Brian Angliss has a useful summary of Monckton’s attempt to intimidate John Abraham while Eli Rabett looks at Monckton’s correspondence with University of St. Thomas. The best bit is where Monckton professes to be unaware of any “disparaging”, “outrageous”, or “defamatory” comments he has made about the University of St. Thomas and Father Dease on Alex Jones despite calling the university a “half-assed Catholic Bible college” and Dease a “creep” on that show.

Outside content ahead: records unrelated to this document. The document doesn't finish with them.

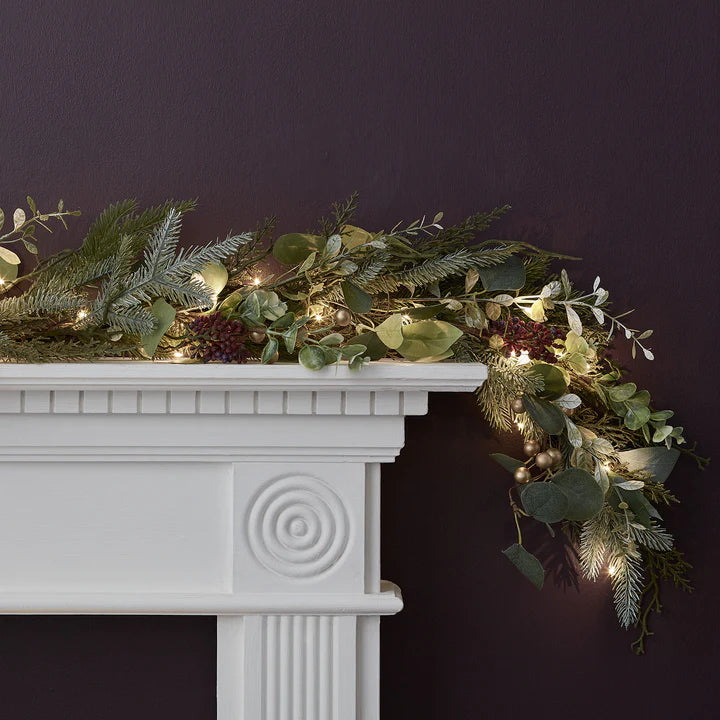 2m Pre Lit Eucalyptus, Pine & Gold Berry Christmas Garland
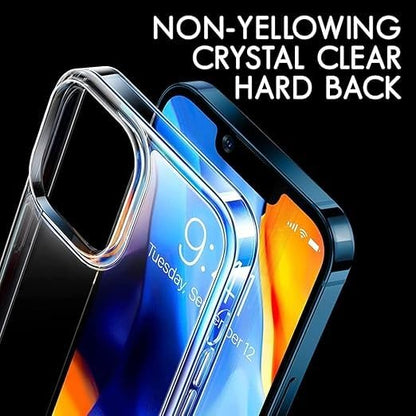 RF REDFOXX Compatible with i-Phone 11 Clear Case | Slim Shockproof Silicon & TPU Back Cover with Camera | Anti-Yellowing Scratch Resistant Transparent Phone Case for iPhone 11 (iPhone 12 Pro)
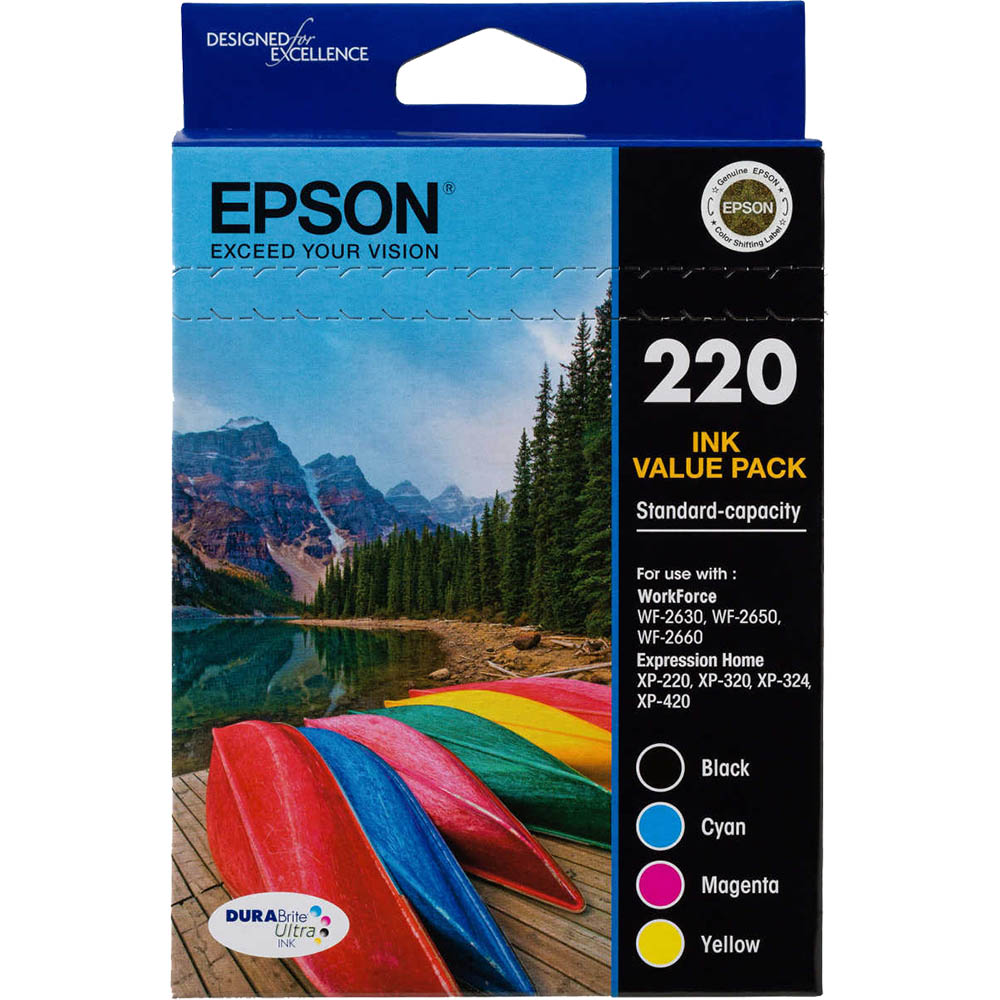 Image for EPSON 220 INK CARTRIDGE VALUE PACK CYAN/MAGENTA/YELLOW/BLACK from Emerald Office Supplies Office National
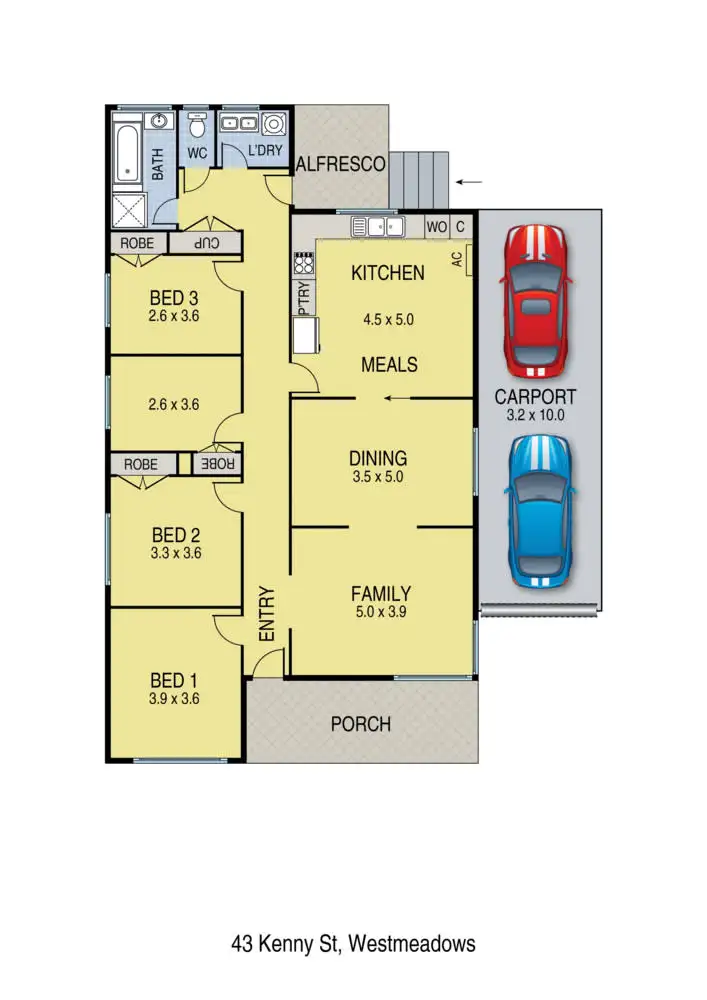 Floorplan of Homely house listing, 43 Kenny Street, Westmeadows VIC 3049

But I want to look at Monckton’s continuing claim to be member of the House of Lords. If you think that the House of Lords saying that he’s not a member would be the end of it, but Monckton is now saying that the House of Lords is lying:
“The House of Lords Act 1999 debarred all but 92 of the 650 Hereditary Peers, including my father, from sitting or voting, and purported to – but did not – remove membership of the Upper House. Letters Patent granting peerages, and consequently membership, are the personal gift of the Monarch. Only a specific law can annul a grant. The 1999 Act was a general law. The then Government, realizing this defect, took three maladroit steps: it wrote asking expelled Peers to return their Letters Patent (though that does not annul them); in 2009 it withdrew the passes admitting expelled Peers to the House (and implying they were members); and it told the enquiry clerks to deny they were members: but a written Parliamentary Answer by the Lord President of the Council admits that general legislation cannot annul Letters Patent, so I am The Viscount Monckton of Brenchley (as my passport shows), a member of the Upper House but without the right to sit or vote, and I have never pretended otherwise.”
But look at what the parliamentary answer says:
The Lord President of the Council (Baroness Ashton of Upholland): The effect of Letters Patent creating peerages can he changed by legislation which has that specific effect. It cannot be changed by legislation of general application. Thus, the Peerage Act 1963 allowed Peeresses in their own right to sit in the House of Lords regardless of the terms of any Letters Patent creating the peerage. The House of Lords Act 1999 removed the right of anyone to sit in the House by virtue of a hereditary peerage unless they were specifically excepted from the provisions. Conversely, the House of Lords decided in 1922 in the case of Viscountess Rhondda that the terms of the Sex Disqualification (Removal) Act 1919 were not sufficiently specific to allow her to take her seat in the Lords when her Letters Patent allowed her to inherit the peerage, but not the seat in the Lords. I am aware of only one case in which the effect of individual Letters Patent has been changed by Act of Parliament, which is that of the Duke of Marlborough in 1706.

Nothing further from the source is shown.